Mazda will launch its first Electric Vehicles (EV) in 2020 as part of its ‘Sustainable Zoom-Zoom 2030‘ long-term technology development programme.
Mazda will initially launch two battery EVs. One powered solely by battery, the other pairing a battery with Mazda’s small, lightweight and exceptionally quiet rotary engine as a range-extender.
The range-extender will recharge the battery when necessary to increase the vehicle’s driving range, eliminating the range anxiety which continues to trouble a high percentage of battery EV users.
The rotary engine’s small size and high power output make multiple electrification technology solutions possible via a shared packaging layout. Taking advantage of the rotary engine’s compatibility with gaseous fuels, the rotary-powered range extender is designed to also burn liquefied petroleum gas and provide a source of electricity in emergencies.
Mazda Sustainable Zoom-Zoom 2030
Expecting that internal combustion engines combined with some form of electrification will account for 95% of the vehicles it produces in 2030 (with battery electric vehicles accounting for the remaining 5%), Mazda will continue to focus on maximising the efficiency of the internal combustion engine, as exemplified by its new, new-generation SKYACTIV-X petrol engine, which combusts through compression ignition.

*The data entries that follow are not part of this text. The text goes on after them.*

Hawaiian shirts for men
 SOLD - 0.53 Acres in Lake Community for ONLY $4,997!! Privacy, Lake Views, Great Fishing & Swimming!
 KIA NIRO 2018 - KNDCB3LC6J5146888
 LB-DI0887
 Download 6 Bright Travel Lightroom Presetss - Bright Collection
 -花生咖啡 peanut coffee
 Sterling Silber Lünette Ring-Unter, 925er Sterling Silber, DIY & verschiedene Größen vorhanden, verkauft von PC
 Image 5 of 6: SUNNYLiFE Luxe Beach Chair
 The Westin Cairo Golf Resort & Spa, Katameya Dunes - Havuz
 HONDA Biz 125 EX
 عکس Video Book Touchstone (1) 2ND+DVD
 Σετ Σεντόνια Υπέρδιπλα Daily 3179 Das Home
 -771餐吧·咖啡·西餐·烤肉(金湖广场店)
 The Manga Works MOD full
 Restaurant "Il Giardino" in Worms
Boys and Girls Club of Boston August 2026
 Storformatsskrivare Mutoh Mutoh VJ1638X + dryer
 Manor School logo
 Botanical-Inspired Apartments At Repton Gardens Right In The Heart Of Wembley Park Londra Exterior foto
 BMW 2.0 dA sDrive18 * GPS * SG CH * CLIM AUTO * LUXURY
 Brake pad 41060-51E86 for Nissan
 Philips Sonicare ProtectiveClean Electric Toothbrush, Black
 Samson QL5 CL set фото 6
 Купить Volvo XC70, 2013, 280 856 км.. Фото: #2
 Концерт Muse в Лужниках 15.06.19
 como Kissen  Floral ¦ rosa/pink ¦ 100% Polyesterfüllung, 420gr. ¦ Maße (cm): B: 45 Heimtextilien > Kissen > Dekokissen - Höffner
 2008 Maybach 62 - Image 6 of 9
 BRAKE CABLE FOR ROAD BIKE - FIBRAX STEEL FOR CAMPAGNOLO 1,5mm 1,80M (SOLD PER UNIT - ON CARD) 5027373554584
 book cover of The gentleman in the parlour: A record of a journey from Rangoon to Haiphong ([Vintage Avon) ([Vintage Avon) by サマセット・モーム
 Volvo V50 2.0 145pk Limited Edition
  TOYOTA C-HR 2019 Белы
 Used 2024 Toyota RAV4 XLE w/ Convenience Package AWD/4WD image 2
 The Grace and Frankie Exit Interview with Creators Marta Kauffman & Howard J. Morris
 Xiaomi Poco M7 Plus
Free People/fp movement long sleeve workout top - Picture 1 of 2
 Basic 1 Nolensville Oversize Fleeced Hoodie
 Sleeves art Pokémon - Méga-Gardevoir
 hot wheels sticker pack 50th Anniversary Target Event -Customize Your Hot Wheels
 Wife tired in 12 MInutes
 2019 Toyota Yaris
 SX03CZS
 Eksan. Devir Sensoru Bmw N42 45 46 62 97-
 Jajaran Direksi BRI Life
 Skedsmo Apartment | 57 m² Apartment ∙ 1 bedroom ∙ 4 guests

Mazda is committed to reducing its corporate average ‘Well-to-Wheel’ CO2 emissions to 50% of 2010 levels by 2030, and to 90% by 2050. But the company is also committed to the principal of the right solution at the right time and -since energy availability and automotive power source fitness vary from region to region- in the right place.
Clearly, the electric power generation system in any given region determines how much an EV can contribute to ‘Well-to-Wheel’ reductions in CO2 emissions. And with CO2-emitting thermal power generation still globally predominant, a goal to reduce those emissions is likely to diversify fuel options in the immediate future.
In addition to alternative fuels including compressed natural gas, liquefied petroleum gas and even hydrogen, the automotive industry is also researching the viability of recyclable liquid fuels such as biofuels from microalgae growth.
Mazda considers the development of the latter critical to achieving the carbon neutrality of cars powered by the internal combustion engine, and is already involved in joint research projects and studies with the Tokyo Institute of technology and Hiroshima University as part of an ongoing, industry-academia-government collaboration.
Mazda hopes to further the contributions of its ‘Sustainable Zoom-Zoom 2030’ vision to society by sending EVs with the range-extender to areas affected by natural disasters, providing LPG-generated electricity for those in need.
Ever committed to the pursuit of driving pleasure, Mazda will also be exploiting the advantages of electric drive in combination with the company’s proprietary technologies to produce EVs that not only comply with ever tightening environmental restrictions, but also fulfil its ongoing commitment to Hashiru Yorokobi -the ‘exhilaration of driving’- through its Jinba Ittai driver and car as one design and engineering philosophy.